N'oublie jamais
Emmanuelle Béart dans Les Egarés (2003) d'André Téchiné
C’était le week-end du 6 juin 2014. Les commémorations du débarquement Allié de 1944 tournait en boucle à la télévision. Les hommages spectaculaires à la plus grande bataille de l’Histoire, se mêlent aux histoires à tailles humaines. Les récits des témoins encore vivants me bouleversent. Aucune guerre n’aura connu un clivage aussi marqué entre le Bien et le Mal. L’Humanité au bord du gouffre à sut faire front au prix du sang. Au cours des années suivantes, certains « libérateurs » sont devenus des bourreaux. L’obscurantisme n’est l’apanage d’aucune idéologie, religieuse ou politique. Les conséquences sont toujours les mêmes. Le Mal ne s’épanouît que dans le silence des gens de bien.

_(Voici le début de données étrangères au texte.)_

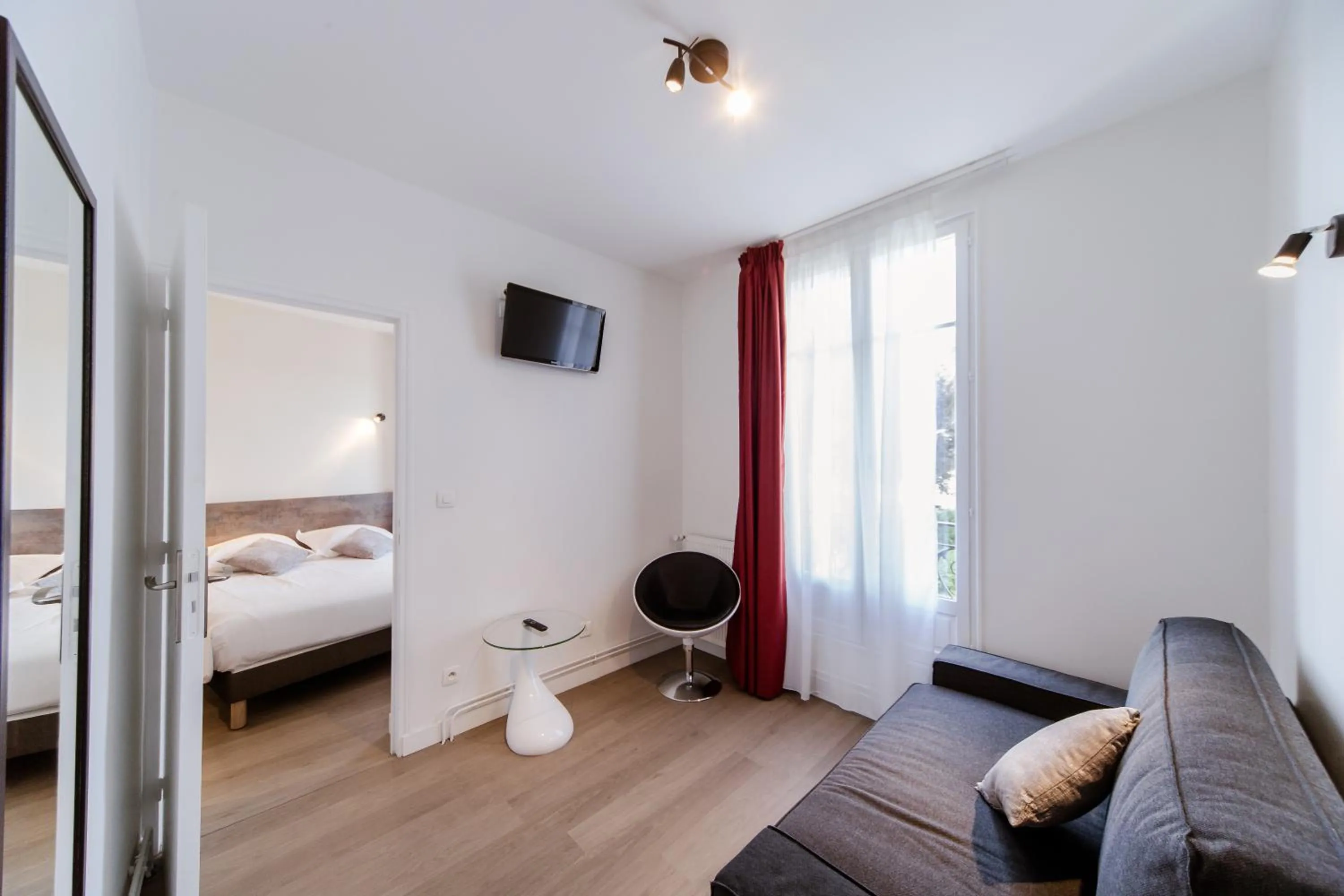 Seating area, Bed in LOGIS HOTEL - Le Petit Bellon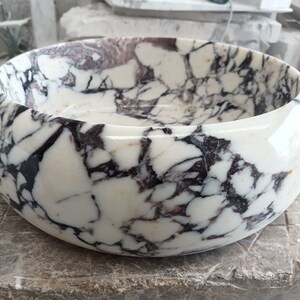 May include: A white marble bowl with black and purple veining. The bowl is round and has a smooth, polished finish.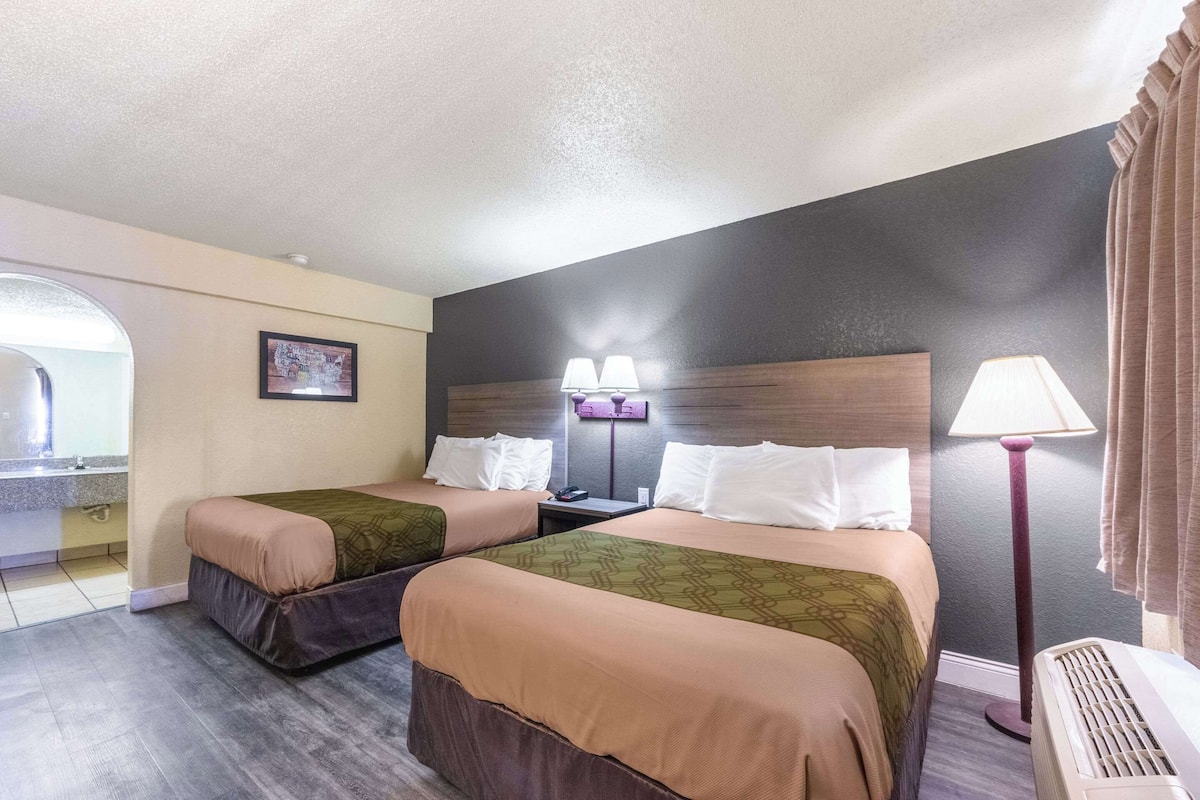 Habitación de hotel con dos camas, una mesita de noche, una lámpara, un cuadro en la pared y una ventana con cortinas.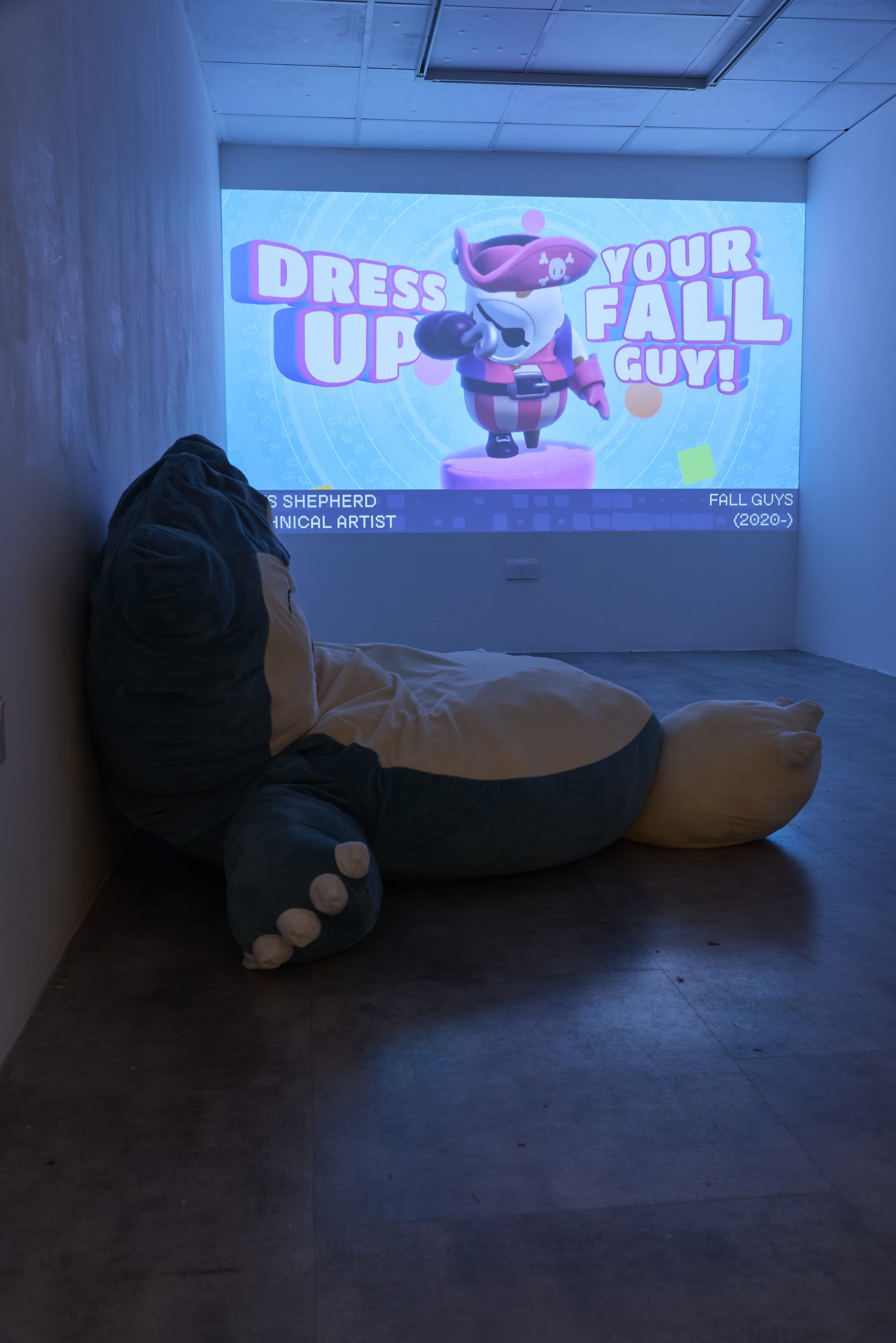 A large projection shows a colourful screen reading “DRESS UP YOUR FALL GUY!” with a cartoon character in a pirate outfit in a dark room. In the foreground, a large plush seat rests on the floor facing the projection, suggesting an interactive viewing area.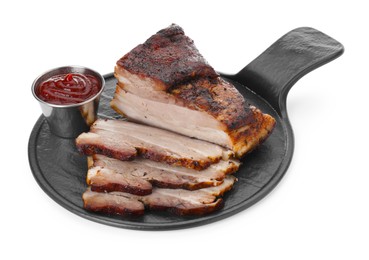 Photo of Pieces of tasty baked pork belly and sauce isolated on white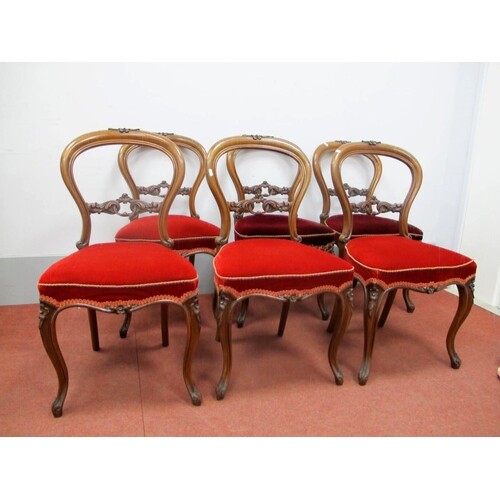 A Set of Six Mid XIX Century Walnut Salon Chairs, with a cen...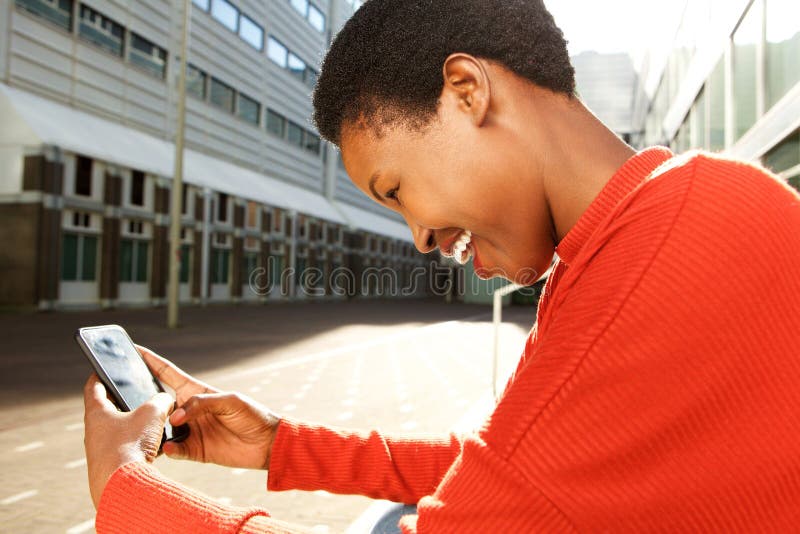 Profil de la jeune femme de couleur heureuse s'asseyant dans la ville et regardant le téléphone portable images libres de droits Profil de la jeune femme de couleur heureuse s'asseyant dans la ville et regardant le téléphone portable images libres de droits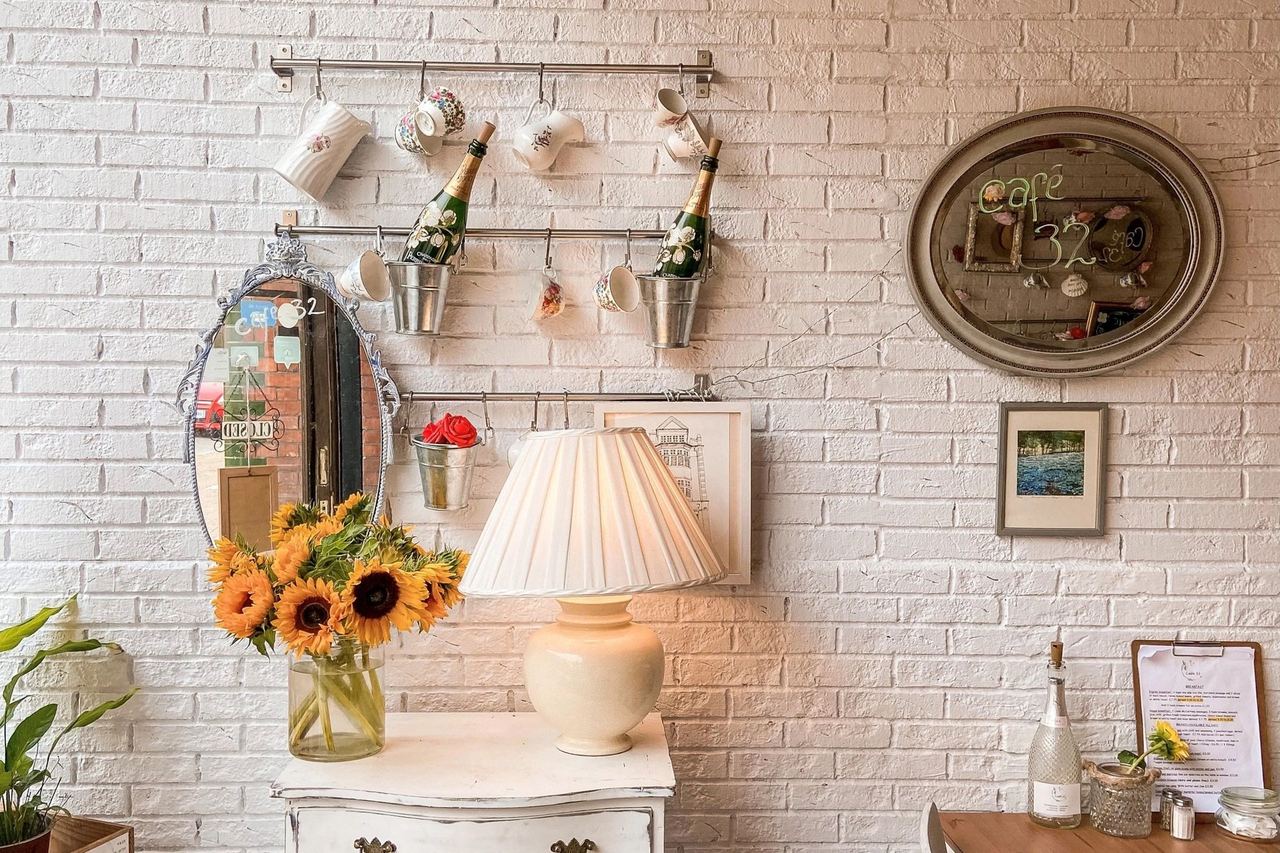 Sunflowers, vintage cups and a painted chest against white brick at Café 32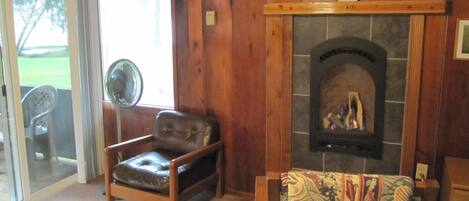 A cozy living room with a fireplace, a leather chair, and a fan.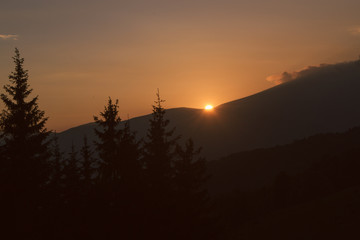 Naklejka premium wonderful orange sunset in mountains during the hike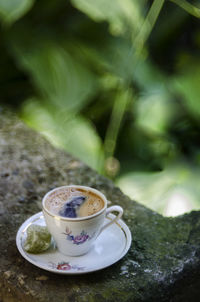 Close-up of coffee cup on rock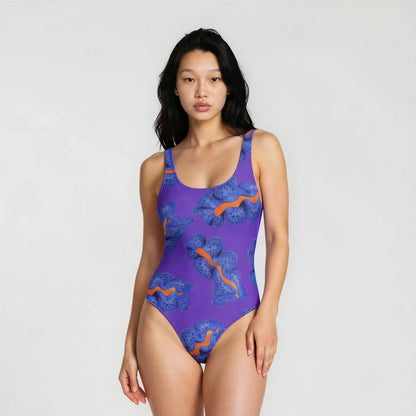 Woman wearing a purple swimsuit with orange patterns on a white background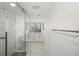 Bathroom featuring a glass-enclosed shower, modern vanity, marble tile floor, and natural light at 5220 Landings Blvd # 104, Sarasota, FL 34231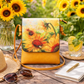 Yellow handbag with sunflower design on a wooden table with sunflowers in the background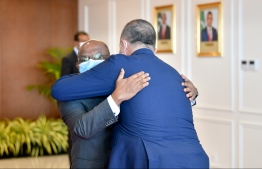 Foreign Minister Abdulla Shahid (R) and Turkish Foreign Minister Mevlüt Çavuşoğlu hugs -- Photo: Nishan Ali / Mihaaru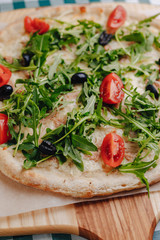 Neapolitan pizza with tuna, cheese, arugula, basil, tomatoes, olives, sprinkled with cheese on a wooden table on a tablecloth in a cell with a place for the text.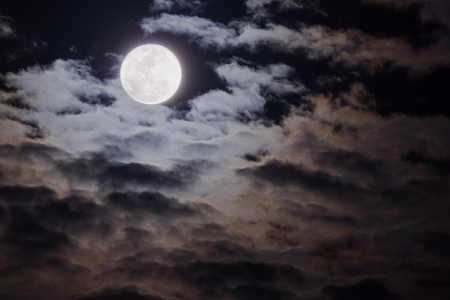 Full moon in the cloudsの写真素材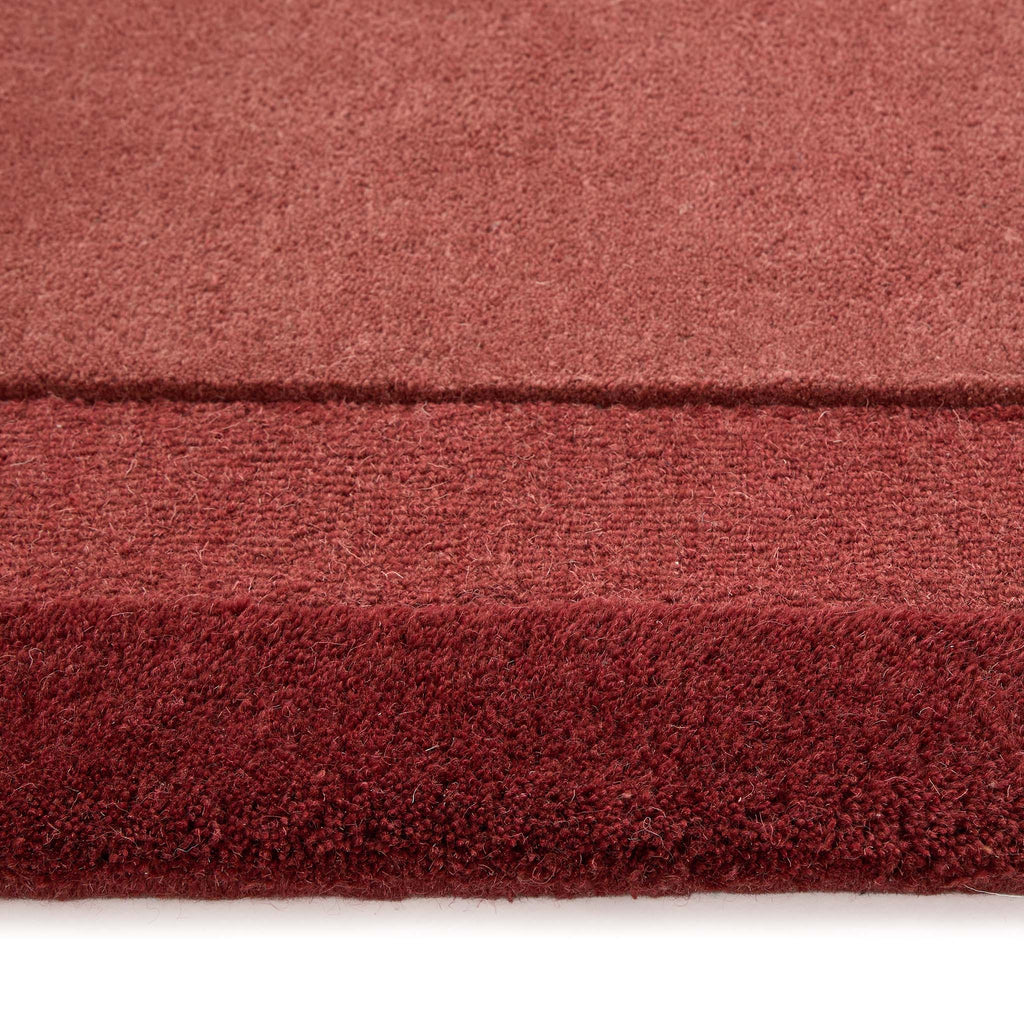 Stacked Borders Wine Red Rug- 100% wool rug with two shades of red. 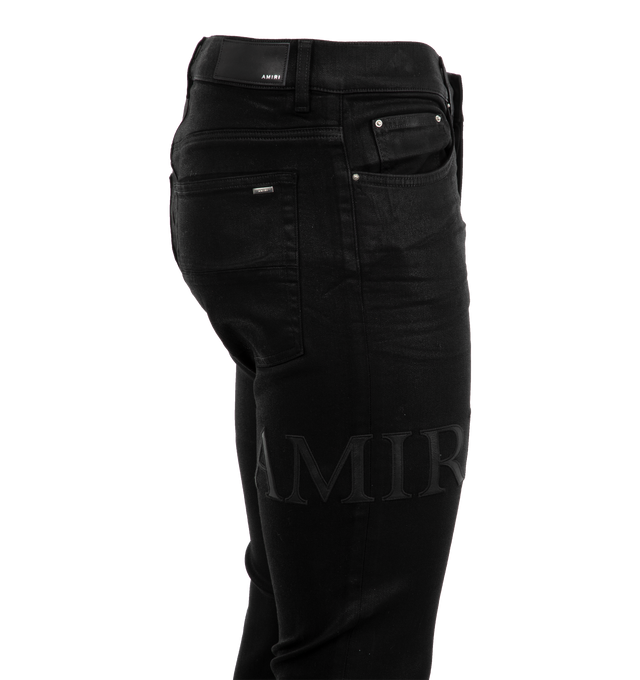 Image 3 of 3 - BLACK - AMIRI Serif Logo Wax Skinny Jean featuring logo on right leg, regular rise, five-pocket style, full length, skinny legs, button zip closure and belt loops. Cotton/polyester/elastane. 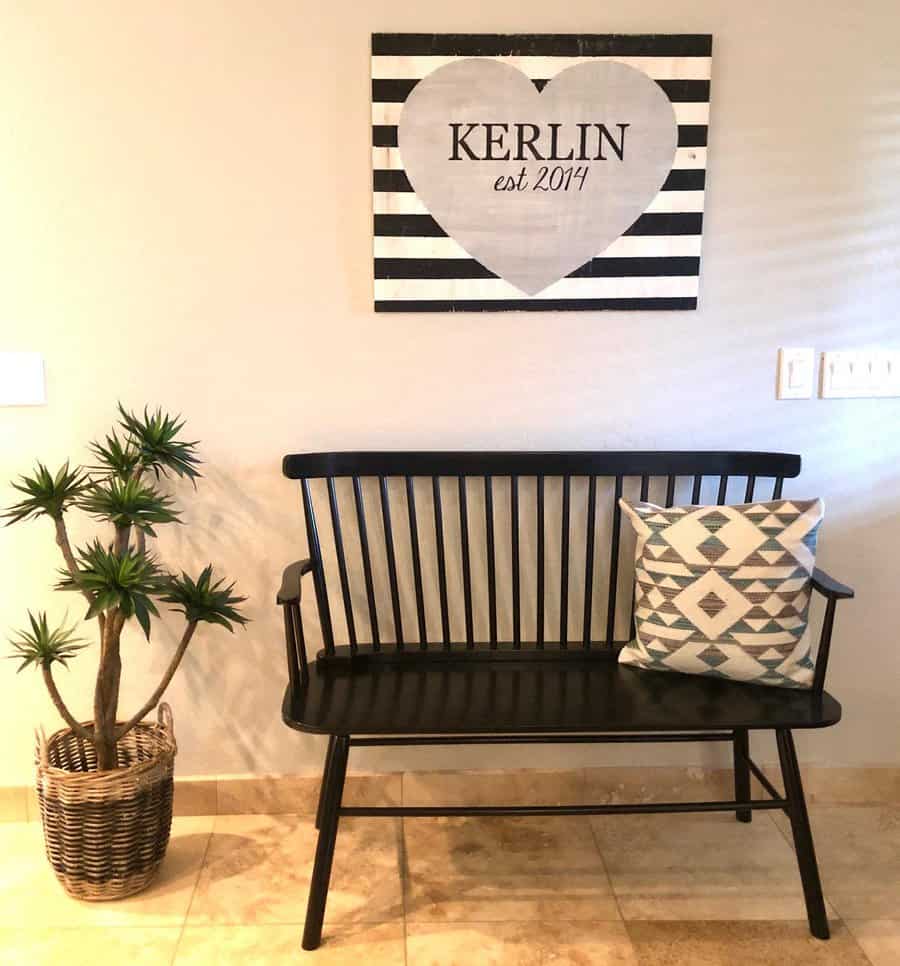 A black bench with a patterned pillow sits below a striped wall sign, and a potted plant is beside the bench on a tiled floor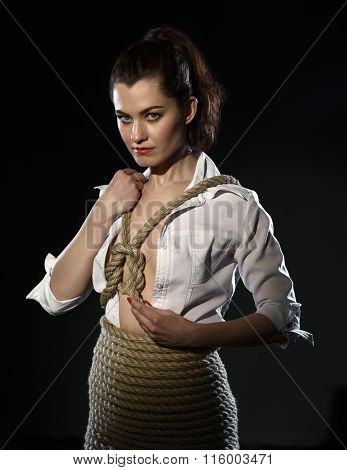 Shibari. Woman tied with rope in style of BDSM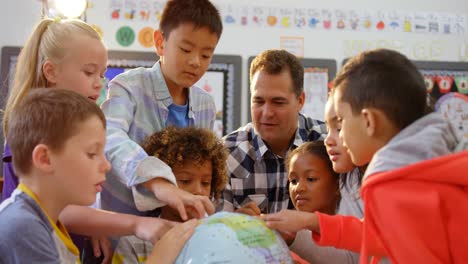 front view of caucasian male teacher teaching the kids about the globe in the classroom 4k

J’étais seul ce week-end-là. Mes parents étaient partis en vacances, ma sœur en vadrouille. Je suis pourtant passé faire un tour à la maison familiale pour cueillir quelques cerises. Fruit prolétarien d’un temps disparu que les ouvriers n’ont plus les moyens de s’offrir. J’en ai profité pour rendre visite à mes grands-parents maternels. On a discuté de tout et de rien. On en vient aux commémorations. Une phrase, puis deux… Les souvenirs de cette époque remontent et s’expriment. Je les avais rarement entendus parler de ce sujet, cette « sale période » comme ils disent.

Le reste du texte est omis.